* _RECORDS TO USE_:
● ● ●

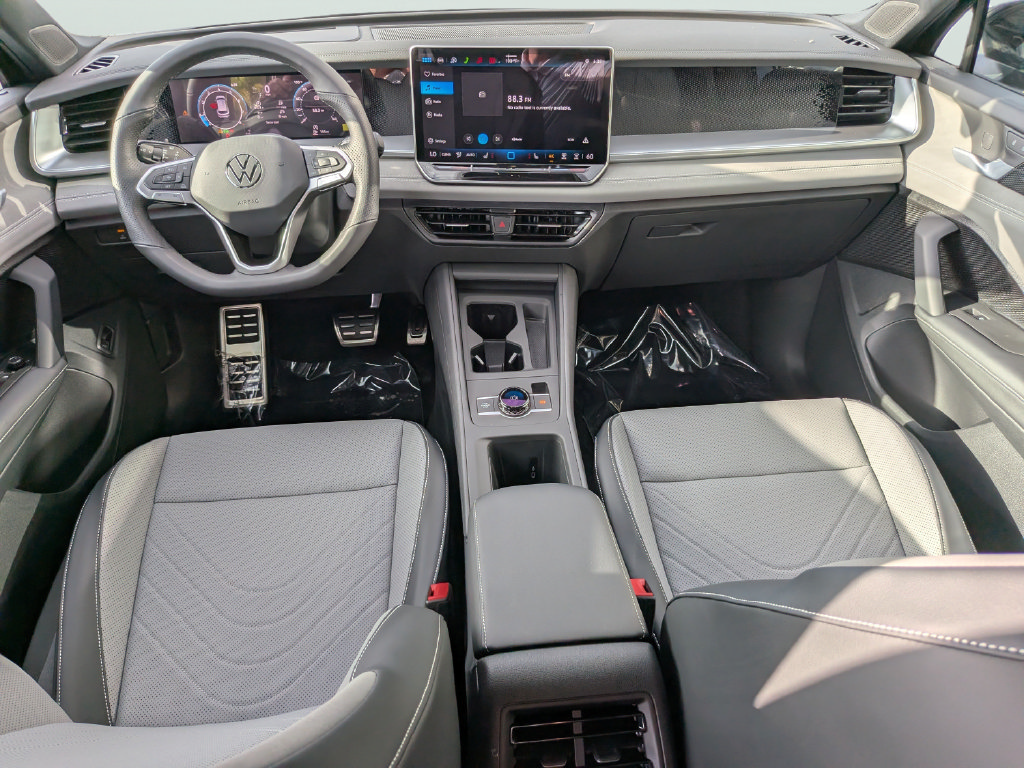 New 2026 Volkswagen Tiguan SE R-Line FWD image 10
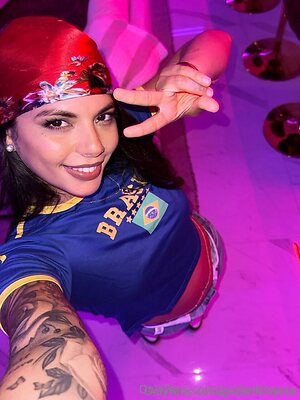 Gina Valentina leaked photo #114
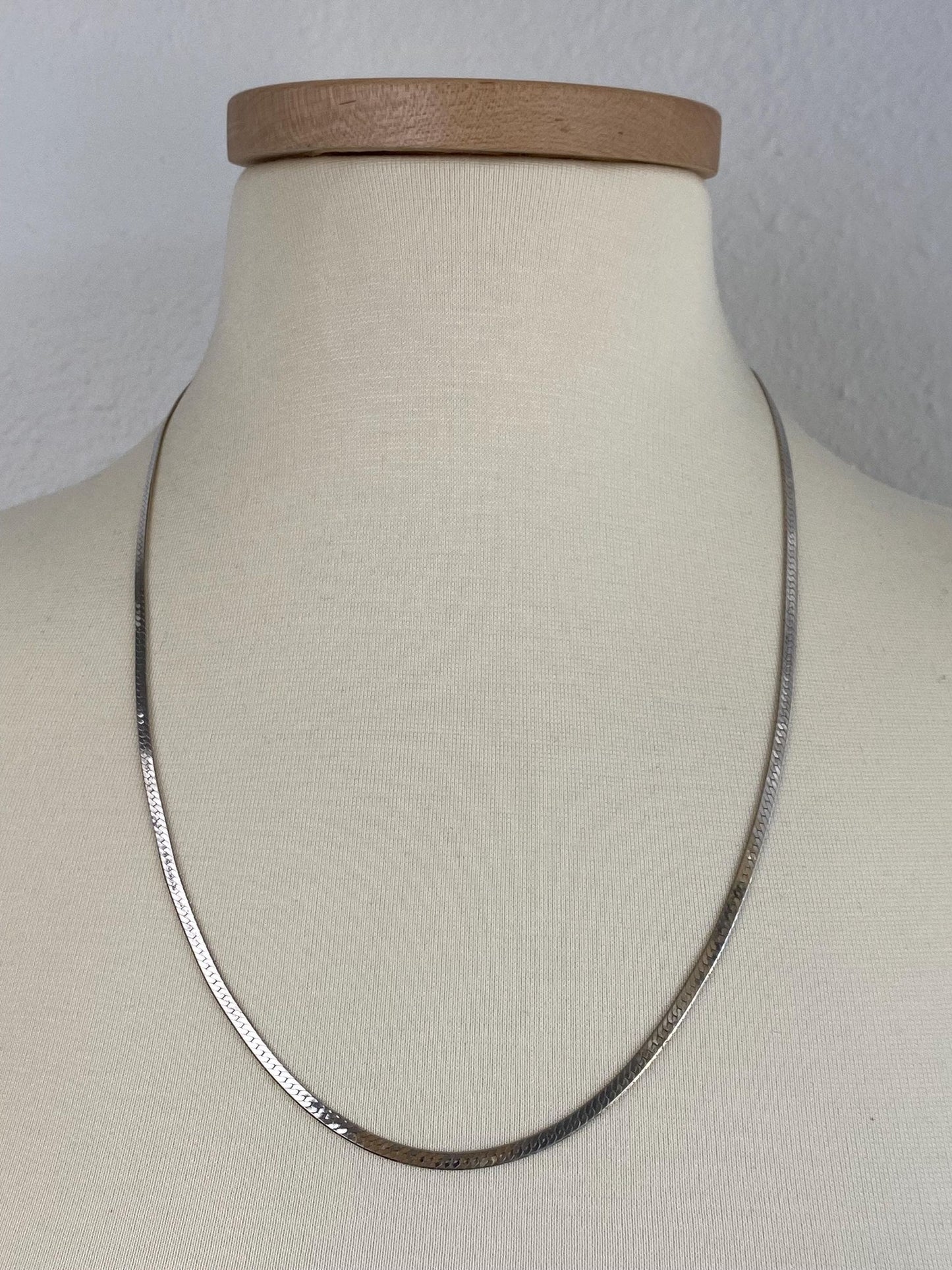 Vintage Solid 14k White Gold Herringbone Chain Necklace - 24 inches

● ● ●

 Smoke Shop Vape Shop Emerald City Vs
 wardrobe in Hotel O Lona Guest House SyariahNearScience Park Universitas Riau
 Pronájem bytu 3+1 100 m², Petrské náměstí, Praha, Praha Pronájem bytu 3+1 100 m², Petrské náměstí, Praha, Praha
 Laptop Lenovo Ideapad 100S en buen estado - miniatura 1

● ● ●

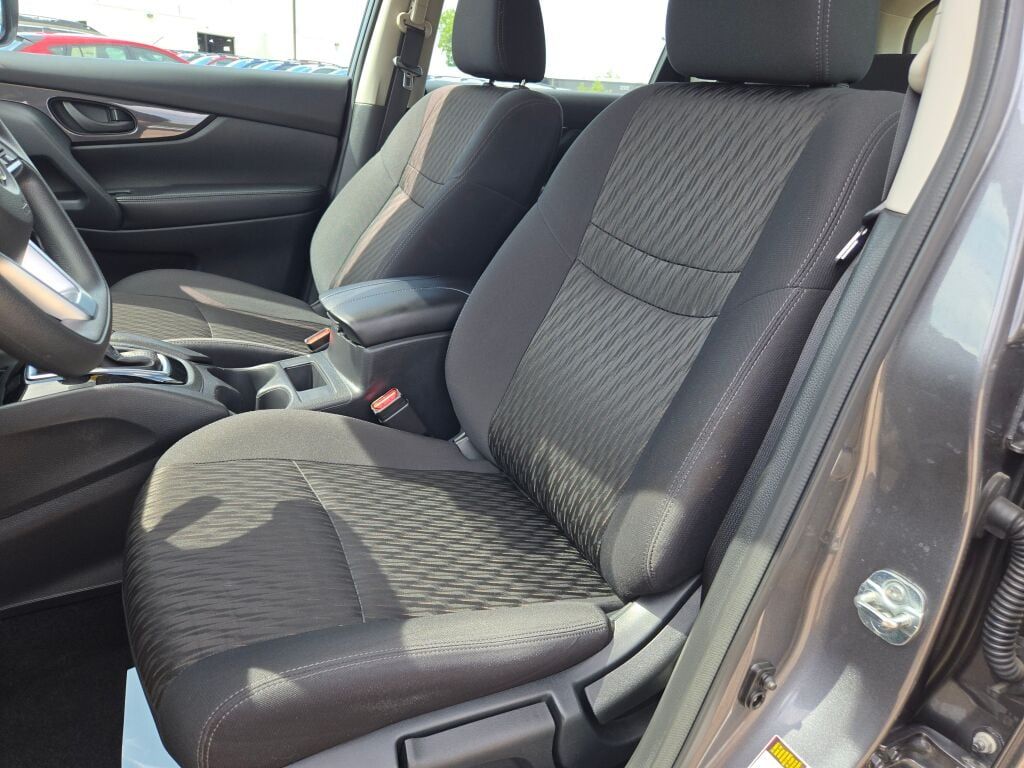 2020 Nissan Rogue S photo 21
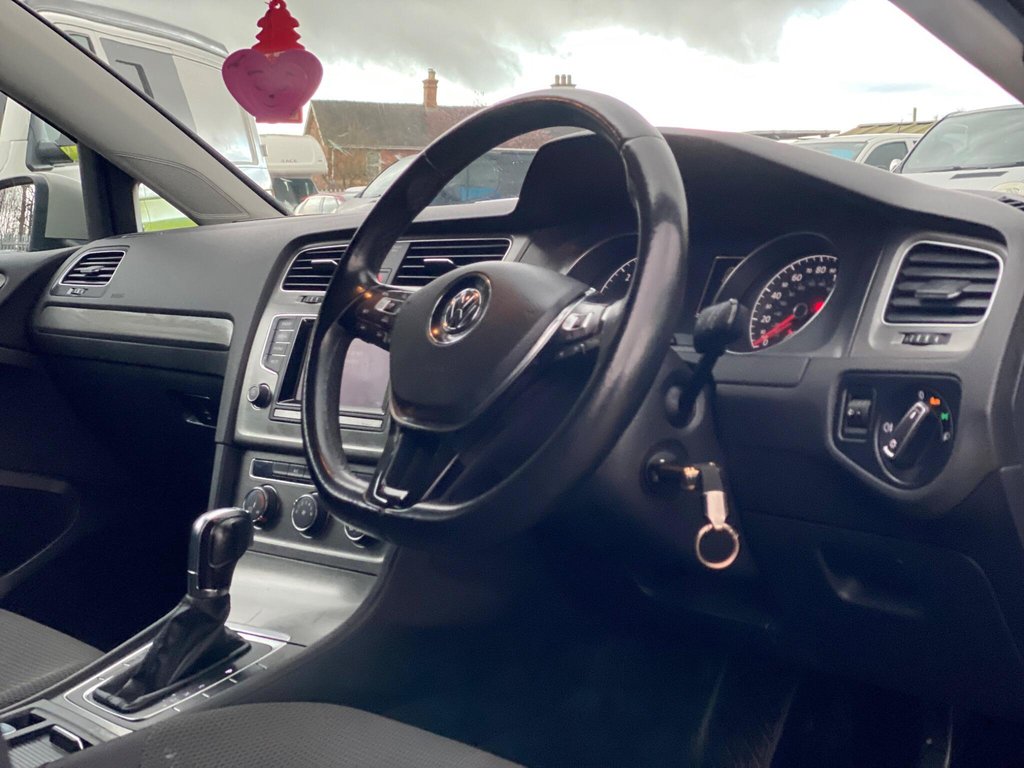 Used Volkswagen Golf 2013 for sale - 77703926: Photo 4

● ● ●

* _WHAT YOU WILL DO_: Return the material from the line containing "New 2026 Volkswagen" through the line containing "Vintage Solid 14k", exactly and in full, but without its pictures.

* _OUTPUT_:
 New 2026 Volkswagen Tiguan SE R-Line FWD image 10
 Gina Valentina leaked photo #114
 Vintage Solid 14k White Gold Herringbone Chain Necklace - 24 inches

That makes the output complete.